§ What the task asks: Below is a listing; repeat exactly the lines from the one containing "Защищенный ноутбук-трансформер Б-класс" to the one containing "la 71 edición", both included.
◆ ◆ ◆ ◆
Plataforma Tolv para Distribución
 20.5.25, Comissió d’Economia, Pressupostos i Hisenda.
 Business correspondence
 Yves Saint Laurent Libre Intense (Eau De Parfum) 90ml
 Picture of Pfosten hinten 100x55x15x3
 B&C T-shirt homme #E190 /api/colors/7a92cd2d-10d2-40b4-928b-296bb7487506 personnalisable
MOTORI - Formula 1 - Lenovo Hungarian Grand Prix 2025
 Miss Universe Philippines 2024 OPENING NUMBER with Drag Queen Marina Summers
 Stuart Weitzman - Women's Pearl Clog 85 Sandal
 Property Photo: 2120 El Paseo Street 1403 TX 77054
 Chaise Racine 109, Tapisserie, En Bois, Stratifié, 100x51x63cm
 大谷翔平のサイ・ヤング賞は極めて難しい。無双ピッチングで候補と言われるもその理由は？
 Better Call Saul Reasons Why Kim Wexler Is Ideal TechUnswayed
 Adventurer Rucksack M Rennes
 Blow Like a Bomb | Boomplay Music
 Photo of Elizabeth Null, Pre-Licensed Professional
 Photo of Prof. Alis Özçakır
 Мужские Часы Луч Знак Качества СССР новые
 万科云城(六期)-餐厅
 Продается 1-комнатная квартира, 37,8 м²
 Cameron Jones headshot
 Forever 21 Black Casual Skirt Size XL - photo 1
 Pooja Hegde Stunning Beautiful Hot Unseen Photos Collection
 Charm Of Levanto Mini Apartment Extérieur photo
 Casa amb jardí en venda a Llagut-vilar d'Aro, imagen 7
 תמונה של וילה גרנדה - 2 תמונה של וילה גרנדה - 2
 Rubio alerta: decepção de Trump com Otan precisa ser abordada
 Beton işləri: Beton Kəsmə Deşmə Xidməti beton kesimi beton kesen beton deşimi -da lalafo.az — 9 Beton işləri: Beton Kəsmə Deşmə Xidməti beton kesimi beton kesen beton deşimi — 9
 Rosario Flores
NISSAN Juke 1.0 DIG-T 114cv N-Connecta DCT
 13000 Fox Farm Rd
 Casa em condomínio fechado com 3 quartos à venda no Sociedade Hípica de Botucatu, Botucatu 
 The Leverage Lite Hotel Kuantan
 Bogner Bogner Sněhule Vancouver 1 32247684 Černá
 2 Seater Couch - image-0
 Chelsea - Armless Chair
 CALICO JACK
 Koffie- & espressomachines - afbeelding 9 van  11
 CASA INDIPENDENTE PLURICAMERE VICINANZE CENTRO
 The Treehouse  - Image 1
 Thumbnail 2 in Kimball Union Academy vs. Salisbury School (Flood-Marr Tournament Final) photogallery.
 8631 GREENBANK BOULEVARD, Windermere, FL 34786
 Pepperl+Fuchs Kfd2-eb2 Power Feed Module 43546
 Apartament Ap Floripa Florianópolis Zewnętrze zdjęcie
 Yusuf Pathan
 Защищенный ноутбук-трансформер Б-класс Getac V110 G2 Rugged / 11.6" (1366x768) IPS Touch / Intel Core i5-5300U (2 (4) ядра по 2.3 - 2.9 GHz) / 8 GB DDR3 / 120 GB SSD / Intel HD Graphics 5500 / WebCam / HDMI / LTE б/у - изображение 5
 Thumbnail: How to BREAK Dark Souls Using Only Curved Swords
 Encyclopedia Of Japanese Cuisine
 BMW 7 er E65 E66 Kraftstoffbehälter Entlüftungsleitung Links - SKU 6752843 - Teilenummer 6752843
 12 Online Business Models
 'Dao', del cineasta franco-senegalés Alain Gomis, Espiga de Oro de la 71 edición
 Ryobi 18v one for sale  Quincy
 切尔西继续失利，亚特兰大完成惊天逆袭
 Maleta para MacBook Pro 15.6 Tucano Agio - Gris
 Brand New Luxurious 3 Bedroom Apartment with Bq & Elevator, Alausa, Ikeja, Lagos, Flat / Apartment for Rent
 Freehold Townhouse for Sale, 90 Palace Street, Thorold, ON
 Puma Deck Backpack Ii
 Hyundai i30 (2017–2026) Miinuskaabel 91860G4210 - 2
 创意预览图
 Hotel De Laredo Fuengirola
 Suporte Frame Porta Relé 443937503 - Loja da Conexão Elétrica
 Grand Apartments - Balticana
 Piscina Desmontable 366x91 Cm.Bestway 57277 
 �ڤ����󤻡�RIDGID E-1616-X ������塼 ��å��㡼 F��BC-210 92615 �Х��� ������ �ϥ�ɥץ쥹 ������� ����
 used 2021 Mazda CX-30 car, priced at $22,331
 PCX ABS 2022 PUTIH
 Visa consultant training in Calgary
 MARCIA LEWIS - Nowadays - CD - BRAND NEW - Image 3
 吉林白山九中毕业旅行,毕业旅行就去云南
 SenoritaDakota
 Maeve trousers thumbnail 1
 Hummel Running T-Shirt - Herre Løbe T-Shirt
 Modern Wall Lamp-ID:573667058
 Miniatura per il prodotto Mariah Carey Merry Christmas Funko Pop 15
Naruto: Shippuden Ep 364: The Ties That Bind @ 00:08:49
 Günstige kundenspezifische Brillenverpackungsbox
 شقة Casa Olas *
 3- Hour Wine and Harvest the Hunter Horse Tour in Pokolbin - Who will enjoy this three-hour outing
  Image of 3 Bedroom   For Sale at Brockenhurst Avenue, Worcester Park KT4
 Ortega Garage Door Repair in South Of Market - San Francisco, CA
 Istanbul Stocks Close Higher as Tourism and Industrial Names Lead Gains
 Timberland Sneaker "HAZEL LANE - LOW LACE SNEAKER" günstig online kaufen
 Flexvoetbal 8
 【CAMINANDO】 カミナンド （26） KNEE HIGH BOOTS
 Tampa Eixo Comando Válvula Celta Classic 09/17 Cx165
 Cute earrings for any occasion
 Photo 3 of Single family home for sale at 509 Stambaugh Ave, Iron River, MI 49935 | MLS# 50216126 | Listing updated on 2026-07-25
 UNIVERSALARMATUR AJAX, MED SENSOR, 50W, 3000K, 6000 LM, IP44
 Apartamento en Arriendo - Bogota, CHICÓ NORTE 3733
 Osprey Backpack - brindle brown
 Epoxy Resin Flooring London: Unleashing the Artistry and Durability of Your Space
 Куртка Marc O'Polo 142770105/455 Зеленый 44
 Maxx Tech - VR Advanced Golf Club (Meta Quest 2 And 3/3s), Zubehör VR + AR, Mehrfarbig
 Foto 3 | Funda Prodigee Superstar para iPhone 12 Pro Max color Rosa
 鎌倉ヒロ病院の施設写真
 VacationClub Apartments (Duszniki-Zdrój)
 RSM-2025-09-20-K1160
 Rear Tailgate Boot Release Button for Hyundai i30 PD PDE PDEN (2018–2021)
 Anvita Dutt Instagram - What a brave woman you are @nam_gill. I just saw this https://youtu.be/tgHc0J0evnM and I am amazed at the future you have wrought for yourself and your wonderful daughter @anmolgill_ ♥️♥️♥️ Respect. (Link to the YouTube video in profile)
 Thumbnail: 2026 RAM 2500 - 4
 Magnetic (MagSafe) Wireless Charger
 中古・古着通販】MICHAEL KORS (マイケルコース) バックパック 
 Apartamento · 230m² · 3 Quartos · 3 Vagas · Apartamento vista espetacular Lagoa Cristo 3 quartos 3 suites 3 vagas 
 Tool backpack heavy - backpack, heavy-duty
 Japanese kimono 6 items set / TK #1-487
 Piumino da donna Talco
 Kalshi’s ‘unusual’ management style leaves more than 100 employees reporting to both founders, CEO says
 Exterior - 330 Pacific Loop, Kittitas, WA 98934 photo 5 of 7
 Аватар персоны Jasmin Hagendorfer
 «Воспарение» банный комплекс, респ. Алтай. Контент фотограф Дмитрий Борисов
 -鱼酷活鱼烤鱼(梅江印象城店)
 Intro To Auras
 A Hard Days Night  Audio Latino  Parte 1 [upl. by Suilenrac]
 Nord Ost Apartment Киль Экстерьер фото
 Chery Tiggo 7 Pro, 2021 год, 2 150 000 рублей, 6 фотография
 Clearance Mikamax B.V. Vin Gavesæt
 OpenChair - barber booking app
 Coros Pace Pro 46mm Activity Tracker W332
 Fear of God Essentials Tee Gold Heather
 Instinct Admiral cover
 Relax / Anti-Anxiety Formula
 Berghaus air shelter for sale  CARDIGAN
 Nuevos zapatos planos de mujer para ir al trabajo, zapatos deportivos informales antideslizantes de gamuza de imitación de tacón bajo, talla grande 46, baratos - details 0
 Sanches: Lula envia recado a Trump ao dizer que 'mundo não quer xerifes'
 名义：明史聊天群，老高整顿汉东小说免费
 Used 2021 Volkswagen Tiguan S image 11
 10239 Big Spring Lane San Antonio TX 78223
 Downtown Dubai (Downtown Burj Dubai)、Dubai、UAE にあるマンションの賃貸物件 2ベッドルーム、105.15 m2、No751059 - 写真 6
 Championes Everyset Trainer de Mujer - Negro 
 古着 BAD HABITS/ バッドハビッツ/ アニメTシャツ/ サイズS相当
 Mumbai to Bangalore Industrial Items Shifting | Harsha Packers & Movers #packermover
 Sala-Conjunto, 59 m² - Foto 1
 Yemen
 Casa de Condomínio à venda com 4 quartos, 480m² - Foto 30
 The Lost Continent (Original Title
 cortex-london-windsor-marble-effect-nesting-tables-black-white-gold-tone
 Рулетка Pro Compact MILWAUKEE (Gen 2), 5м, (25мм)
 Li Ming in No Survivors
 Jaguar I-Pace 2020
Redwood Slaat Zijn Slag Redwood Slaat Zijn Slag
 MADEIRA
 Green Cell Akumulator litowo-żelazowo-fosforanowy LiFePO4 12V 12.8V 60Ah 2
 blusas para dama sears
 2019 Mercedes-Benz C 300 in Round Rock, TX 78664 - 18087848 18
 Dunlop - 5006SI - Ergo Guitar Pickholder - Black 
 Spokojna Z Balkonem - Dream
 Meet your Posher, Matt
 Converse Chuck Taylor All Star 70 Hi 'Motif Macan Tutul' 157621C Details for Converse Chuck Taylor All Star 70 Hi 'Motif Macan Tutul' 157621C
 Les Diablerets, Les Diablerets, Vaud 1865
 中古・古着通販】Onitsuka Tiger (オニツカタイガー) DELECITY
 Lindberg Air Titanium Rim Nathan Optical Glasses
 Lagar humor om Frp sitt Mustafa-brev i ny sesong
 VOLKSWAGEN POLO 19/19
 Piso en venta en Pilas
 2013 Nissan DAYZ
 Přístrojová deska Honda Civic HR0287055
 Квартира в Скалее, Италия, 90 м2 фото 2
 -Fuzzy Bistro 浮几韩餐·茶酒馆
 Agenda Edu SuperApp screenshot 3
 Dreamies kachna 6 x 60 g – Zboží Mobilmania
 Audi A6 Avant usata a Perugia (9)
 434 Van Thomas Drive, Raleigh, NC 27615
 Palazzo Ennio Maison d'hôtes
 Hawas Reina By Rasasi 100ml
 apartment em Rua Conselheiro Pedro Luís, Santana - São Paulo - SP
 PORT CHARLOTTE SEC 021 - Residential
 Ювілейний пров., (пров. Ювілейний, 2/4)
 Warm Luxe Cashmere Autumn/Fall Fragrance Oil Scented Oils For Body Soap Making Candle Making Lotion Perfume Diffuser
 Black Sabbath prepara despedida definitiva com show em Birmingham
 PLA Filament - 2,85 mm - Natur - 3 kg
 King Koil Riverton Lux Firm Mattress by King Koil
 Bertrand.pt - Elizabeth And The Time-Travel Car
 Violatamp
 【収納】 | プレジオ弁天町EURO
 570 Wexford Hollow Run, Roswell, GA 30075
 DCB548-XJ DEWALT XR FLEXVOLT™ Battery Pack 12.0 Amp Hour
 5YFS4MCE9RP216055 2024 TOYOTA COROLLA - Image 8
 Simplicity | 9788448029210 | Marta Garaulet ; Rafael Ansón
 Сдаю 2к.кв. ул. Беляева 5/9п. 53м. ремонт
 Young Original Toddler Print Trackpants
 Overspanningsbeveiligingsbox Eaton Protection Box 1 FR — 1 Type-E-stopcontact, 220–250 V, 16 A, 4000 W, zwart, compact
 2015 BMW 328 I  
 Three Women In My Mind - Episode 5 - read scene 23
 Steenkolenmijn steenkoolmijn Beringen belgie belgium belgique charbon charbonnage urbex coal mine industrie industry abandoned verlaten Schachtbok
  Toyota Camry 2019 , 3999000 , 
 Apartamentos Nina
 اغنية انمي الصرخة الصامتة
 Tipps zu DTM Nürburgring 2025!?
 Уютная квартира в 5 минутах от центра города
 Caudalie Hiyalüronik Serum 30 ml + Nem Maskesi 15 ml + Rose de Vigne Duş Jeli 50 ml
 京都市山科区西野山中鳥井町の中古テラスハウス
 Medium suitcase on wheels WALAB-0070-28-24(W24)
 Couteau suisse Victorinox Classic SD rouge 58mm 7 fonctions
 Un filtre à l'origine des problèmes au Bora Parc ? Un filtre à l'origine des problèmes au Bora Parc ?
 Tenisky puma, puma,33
◆ ◆ ◆ ◆
§ Reply to the task:
 Защищенный ноутбук-трансформер Б-класс Getac V110 G2 Rugged / 11.6" (1366x768) IPS Touch / Intel Core i5-5300U (2 (4) ядра по 2.3 - 2.9 GHz) / 8 GB DDR3 / 120 GB SSD / Intel HD Graphics 5500 / WebCam / HDMI / LTE б/у - изображение 5
 Thumbnail: How to BREAK Dark Souls Using Only Curved Swords
 Encyclopedia Of Japanese Cuisine
 BMW 7 er E65 E66 Kraftstoffbehälter Entlüftungsleitung Links - SKU 6752843 - Teilenummer 6752843
 12 Online Business Models
 'Dao', del cineasta franco-senegalés Alain Gomis, Espiga de Oro de la 71 edición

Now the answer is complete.